CUDA OOM and possible solution -- diffusers cli_demo.py with Nvidia 3090 24GB
System Info / 系統信息
Thanks very much for releasing this great work!
In case this helps anyone else:
The diffusers cli_demo.py raised the CUDA OOM error below on an RTX 3090 with 24GB of VRAM using this command:
python cli_demo.py --prompt "A fish swimming underwater through a colorful coral reef. Sun is shining brightly through the water. It is a beautiful scene suitable for use in an eye-catching television advertisement." --model_path THUDM/CogVideoX-2b --num_inference_steps 50
... but works with barely enough free VRAM with this small adjustment -- set the env var PYTORCH_CUDA_ALLOC_CONF=expandable_segments:True prior to running:
PYTORCH_CUDA_ALLOC_CONF=expandable_segments:True python cli_demo.py --prompt "A fish swimming underwater through a colorful coral reef. Sun is shining brightly through the water. It is a beautiful scene suitable for use in an eye-catching television advertisement." --model_path THUDM/CogVideoX-2b --num_inference_steps 50
CUDA OOM error:
return torch._C._nn.pad(input, pad, mode, value)
^^^^^^^^^^^^^^^^^^^^^^^^^^^^^^^^^^^^^^^^^
torch.OutOfMemoryError: CUDA out of memory. Tried to allocate 1.66 GiB. GPU 0 has a total capacity of 23.48 GiB of which 1.53 GiB is free. Including non-PyTorch memory, this process has 21.81 GiB memory in use. Of the allocated memory 18.92 GiB is allocated by PyTorch, and 2.58 GiB is reserved by PyTorch but unallocated.
nvidia-smi before running -- ony 135MiB VRAM used:
+-----------------------------------------------------------------------------------------+
| NVIDIA-SMI 550.54.15 Driver Version: 550.54.15 CUDA Version: 12.4 |
|-----------------------------------------+------------------------+----------------------+
| GPU Name Persistence-M | Bus-Id Disp.A | Volatile Uncorr. ECC |
| Fan Temp Perf Pwr:Usage/Cap | Memory-Usage | GPU-Util Compute M. |
| | | MIG M. |
|=========================================+========================+======================|
| 0 NVIDIA GeForce RTX 3090 Off | 00000000:09:00.0 Off | N/A |
| 0% 32C P8 17W / 350W | 135MiB / 24576MiB | 0% Default |
| | | N/A |
+-----------------------------------------+------------------------+----------------------+
nvidia-smi while running with PYTORCH_CUDA_ALLOC_CONF=exandable_segments:True -- 23GB used but no CUDA OOM.

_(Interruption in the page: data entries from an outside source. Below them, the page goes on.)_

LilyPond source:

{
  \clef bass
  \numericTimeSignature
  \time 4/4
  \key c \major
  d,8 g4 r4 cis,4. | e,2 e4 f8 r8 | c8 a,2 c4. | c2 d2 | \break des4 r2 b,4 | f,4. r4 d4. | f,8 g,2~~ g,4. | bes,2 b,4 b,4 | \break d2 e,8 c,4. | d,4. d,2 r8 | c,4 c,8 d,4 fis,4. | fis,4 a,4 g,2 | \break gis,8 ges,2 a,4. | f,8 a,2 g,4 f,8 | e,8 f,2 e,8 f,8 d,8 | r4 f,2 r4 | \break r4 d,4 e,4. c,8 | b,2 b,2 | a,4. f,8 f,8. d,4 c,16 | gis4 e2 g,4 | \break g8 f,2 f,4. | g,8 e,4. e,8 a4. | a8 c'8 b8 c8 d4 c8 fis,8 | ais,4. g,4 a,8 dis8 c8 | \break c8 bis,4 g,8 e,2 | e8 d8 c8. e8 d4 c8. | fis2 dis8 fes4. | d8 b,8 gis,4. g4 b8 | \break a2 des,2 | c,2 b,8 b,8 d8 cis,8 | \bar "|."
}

+-----------------------------------------------------------------------------------------+
| NVIDIA-SMI 550.54.15 Driver Version: 550.54.15 CUDA Version: 12.4 |
|-----------------------------------------+------------------------+----------------------+
| GPU Name Persistence-M | Bus-Id Disp.A | Volatile Uncorr. ECC |
| Fan Temp Perf Pwr:Usage/Cap | Memory-Usage | GPU-Util Compute M. |
| | | MIG M. |
|=========================================+========================+======================|
| 0 NVIDIA GeForce RTX 3090 Off | 00000000:09:00.0 Off | N/A |
| 0% 40C P2 157W / 350W | 23335MiB / 24576MiB | 4% Default |
| | | N/A |
+-----------------------------------------+------------------------+----------------------+
This was using a fresh conda environment with dependencies installed by pip from requirements.txt (side note: please include imageio in requirements.txt and also open the version range for opencv-python to >=4.10 as 4.10 was yanked from upstream)
Information / 问题信息
- [X] The official example scripts / 官方的示例脚本
- [ ] My own modified scripts / 我自己修改的脚本和任务
Reproduction / 复现过程
Details above.
Expected behavior / 期待表现
Details above.
The generated video is great, by the way -- keep up the good work!
https://github.com/user-attachments/assets/047d3340-5e01-4120-a247-e76668a1703d
So, have you solve your OOM problem? When we test the demo, it needs 23.9GB in fact. It may be a bit extreme, causing occasional oom.
Yes, setting this environment variable before running solved it for me:
PYTORCH_CUDA_ALLOC_CONF=exandable_segments:True
and I see it using a little over 20GB with that setting with nvidia-smi:
20423MiB / 24576MiB
I am getting OOM using 4 32GB GPUs. Using device_map="balanced" seems to split across 3 of the cards, before throwing the OOM error.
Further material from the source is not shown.